En socialdemócrata, Almunia puso la proa a la cuestión de las privatizaciones. Se puso pedagógico el secretario general. Confunden, les dijo, liberalizar y privatizar. Por liberalizar entienden entregar el mercado a un oligopolio de dos o tres empresas que hacen y deshacen en perjuicio del consumidor. Por privatizar, que algunos amigos suyos se queden con empresas públicas. Y de ello dedujo algunos efectos graves: estrechamiento de la pluralidad informativa, manipulación de los precios de determinados productos. Sus propuestas finales de consenso, en las que quiso pasar del tono de opositor crítico al de político con vocación de Estado, no apagaron la irritación que se hacía creciente en el banco azul.

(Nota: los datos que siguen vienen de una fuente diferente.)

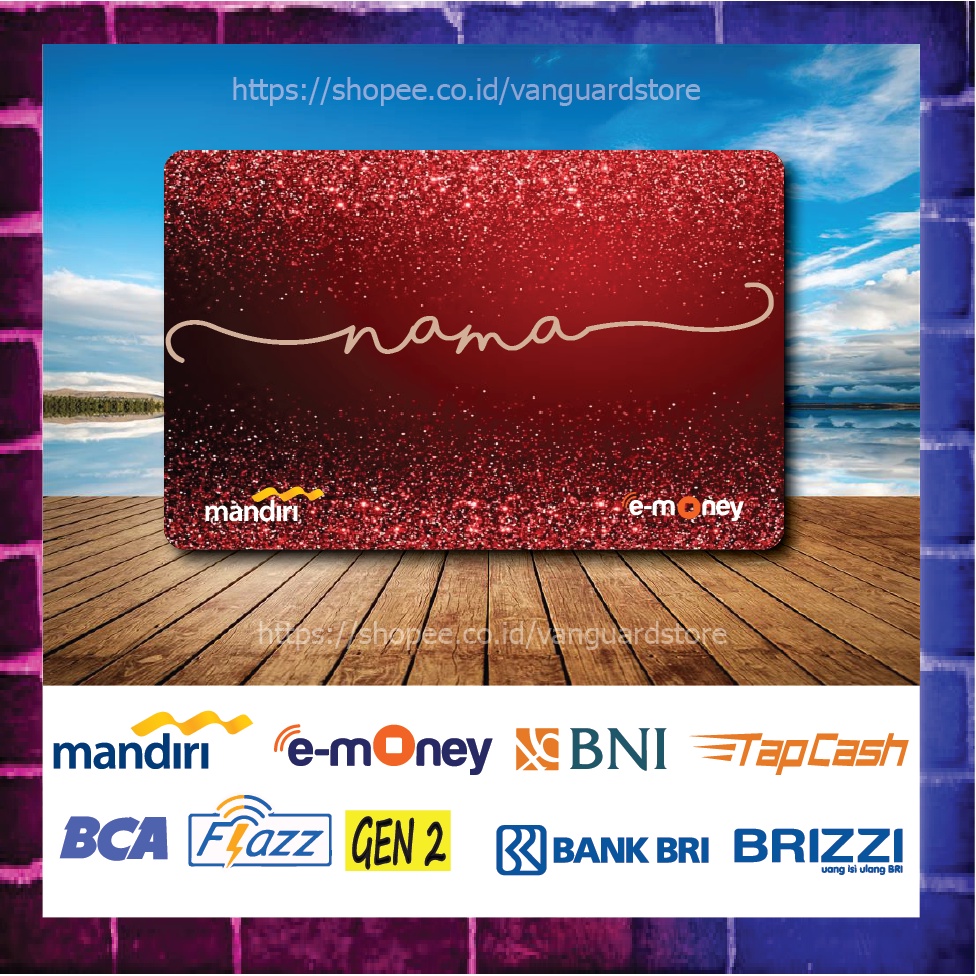 KARTU E MONEY E TOLL CUSTOM NAMA RED GLITER RED KUMPULAN 22 EMONEY MANDIRI FLAZZ BCA BNI TAPCASH BRIZZI BRI 1 SISI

No han nacido los políticos para grandes alardes de imaginación. Aunque parezca mentira, por vergüenza intelectual de lo obvio, Aznar contestó a las cinco estrategias distintas que Almunia había descubierto en sus tres años de zigzagueo político con el argumento de los tres contrincantes. Tercer debate del estado de nación, tercer opositor enfrente. Y un argumento constante: ustedes son el pasado, no queremos recetas fracasadas. Tal es la tendencia del presidente a mirar el retrovisor que, tres años después de llegar a La Moncloa, todavía hay momentos en que su discurso retoma acentos más propios del líder de la oposición. Y, así, el pasado de Almunia como ministro se convirtió en punto de referencia para contrastar los datos que Rato había cocinado para el presidente. La insistencia en pedir a Almunia que pusiera propuestas sobre la mesa puede tener alguna eficacia dialéctica, pero tiende a confundir los papeles. Y ésta es una concesión que el titular no debe hacer nunca al aspirante.

Aznar confirmó su oficio y exhibió esos modos que le impiden seducir a pesar de ganar. Almunia es la imagen del socialdemócrata de fondo hecha carne. Y de este estilo se sirvió no sólo para sobrevivir en el debate, sino también para dejar constancia con la mayor naturalidad, por mucho que pese a Tony Blair, el hombre del que todos son amigos, de que la derecha y la izquierda todavía son distintas.